Heart of Dragon appears in an aspect ratio of 1.85:1 on this Blu-ray Disc. The movie came with a surprisingly strong image.
Sharpness usually worked fine, as delineation seemed appealing. A little softness crept into some shots, but most of the film brought positive delineation.
No issues with jagged edges or moiré effects appeared, and edge haloes remained absent. Grain seemed natural, and I noticed no intrusive print flaws.
Colors felt reasonably natural, albeit with a moderate shift toward blues. Overall impact seemed positive, as the hues came across as intended.
Blacks appeared deep and dense, while shadows brought nice clarity. This turned into a highly pleasing presentation.
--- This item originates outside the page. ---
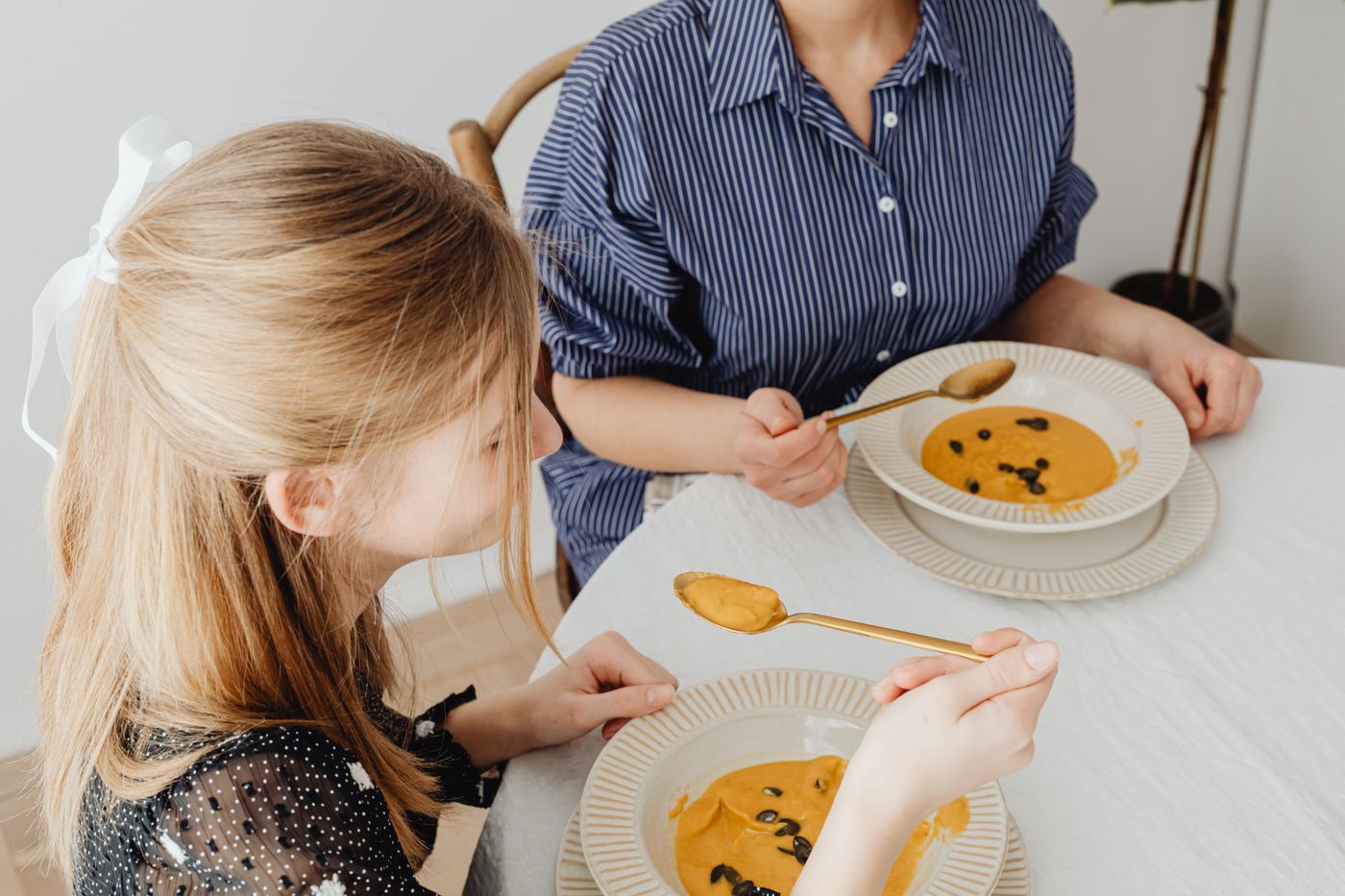 Une maman et sa fille partagent un bol de soupe de potiron dans une ambiance chaleureuse d'automne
I felt the DTS-HD MA monaural audio of Dragon seemed lackluster at best. Dialogue tended to seem edgy and rough.
Music could sound somewhat shrill much of the time, and the score and songs lacked range. The same went for effects.
These usually seemed distorted and lacked much range. I also noticed an odd thumping at times. Though I expect the soundtrack reproduced the source, this still felt like an awfully problematic mix for a movie from the mid-80s.
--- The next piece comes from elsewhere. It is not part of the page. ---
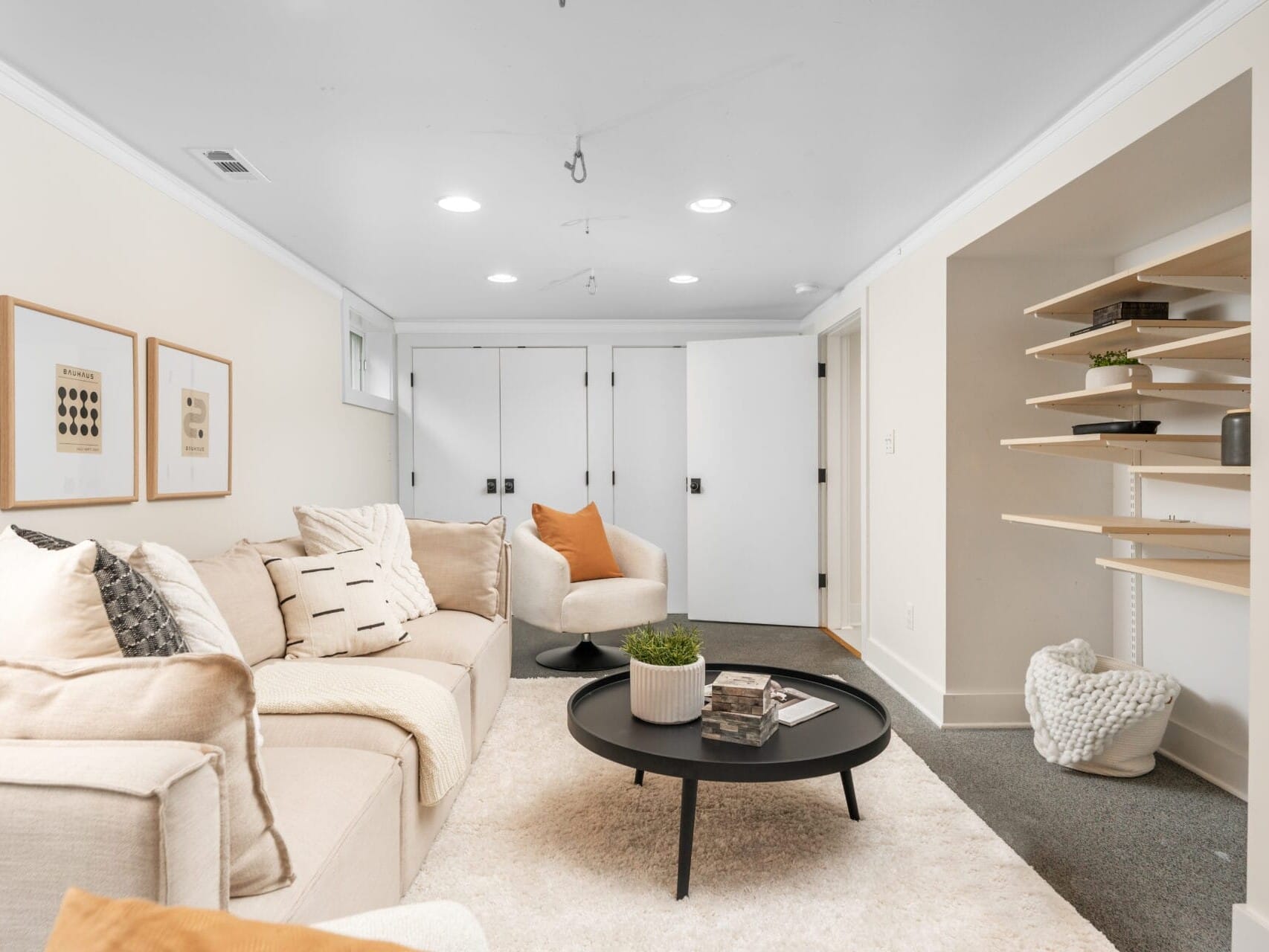 A cozy living room featuring a beige sectional sofa with assorted pillows, a round black coffee table with a plant, and built-in shelves. Neutral-toned wall art decorates the light-colored walls, and recessed lighting brightens the space.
As we hit extras, we start with an audio commentary that comes only alongside the Extended Cut. Here film historian Frank Djeng and filmmaker FJ DeSanto offer a running, screen-specific look at the differences between the Hong Kong and Japanese versions, cast and crew, genre domains, production notes and their thoughts about the film.
That last topic crops up an awful lot here, as a good chunk of the commentary simply indulges in an appreciation of the movie. Some of this goes a long way, and that means the chat too often just feels like fanboy praise.
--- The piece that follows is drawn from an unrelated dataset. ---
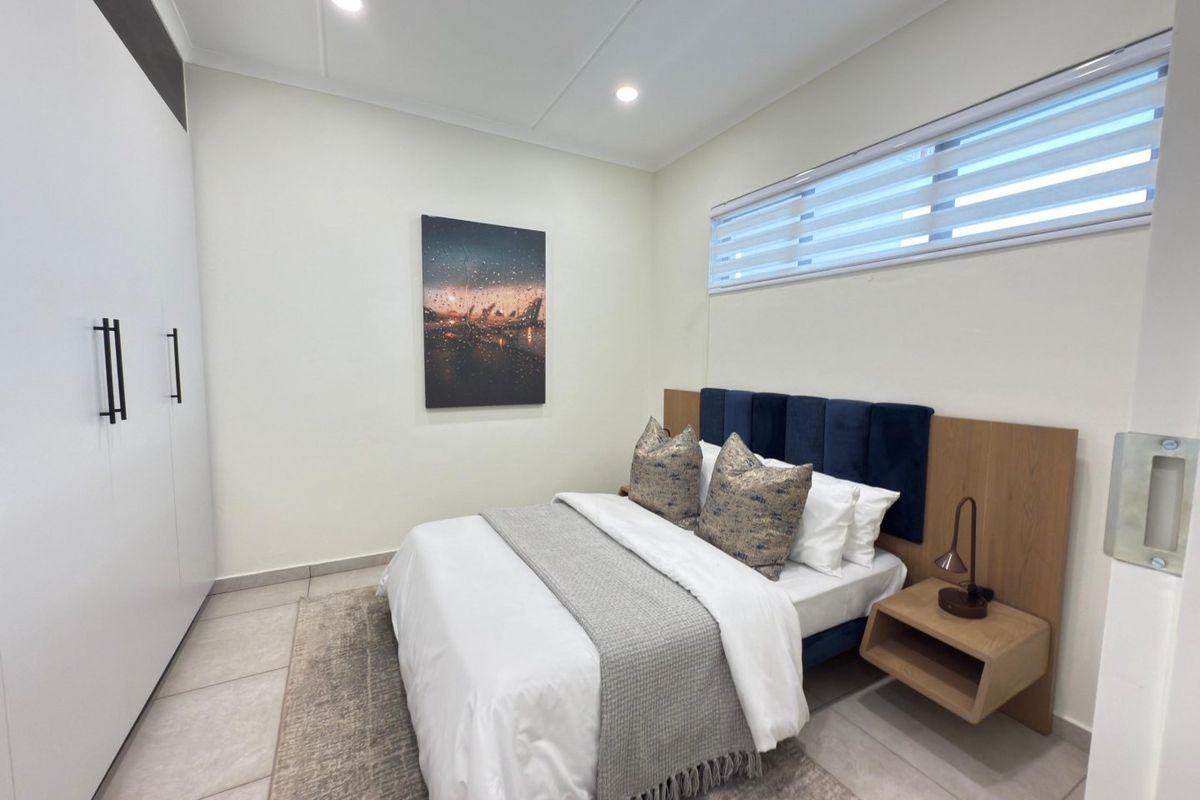 A modern, well-maintained bedroom featuring tiled flooring, built-in wardrobes, recessed lighting, and a horizontal window with fitted blinds.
We do get a decent number of movie-related insights, mainly from Djeng, and these add value. However, the commentary lacks the depth it needs to be anything memorable.
Under Behind the Scenes, we get two featurettes: “The Making of The First Mission” (48:43) and “The First Mission: Pre-Release Event” (15:23). First Mission offers the title Dragon used in some territories.
“Making” mostly consists of footage from the shoot, but we also get a handful of on-the-set comments from actor/director Sammo Hung, action director Yuen Biao, and actor Jackie Chan.
Don’t expect anything hard-hitting, as the program establishes a light, fluffy tone. However, we get enough material from the production to make “Making” worthwhile.
“Event” opens with Chan’s “message to his fans” – including outtakes of his goofs – and then offers a mix of movie scenes and footage from the shoot. This one also acts as a total promo piece, though shots from the set give it value.
Five segments show up under Archive Interviews. We get segments with actor Jackie Chan (9:27), actor/director Sammo Hung (two clips that total 18:53), stunt man Rocky Lai (10:05) and cinematographer Arthur Wong (15:12). Note that the two Hung clips come from different eras decades apart.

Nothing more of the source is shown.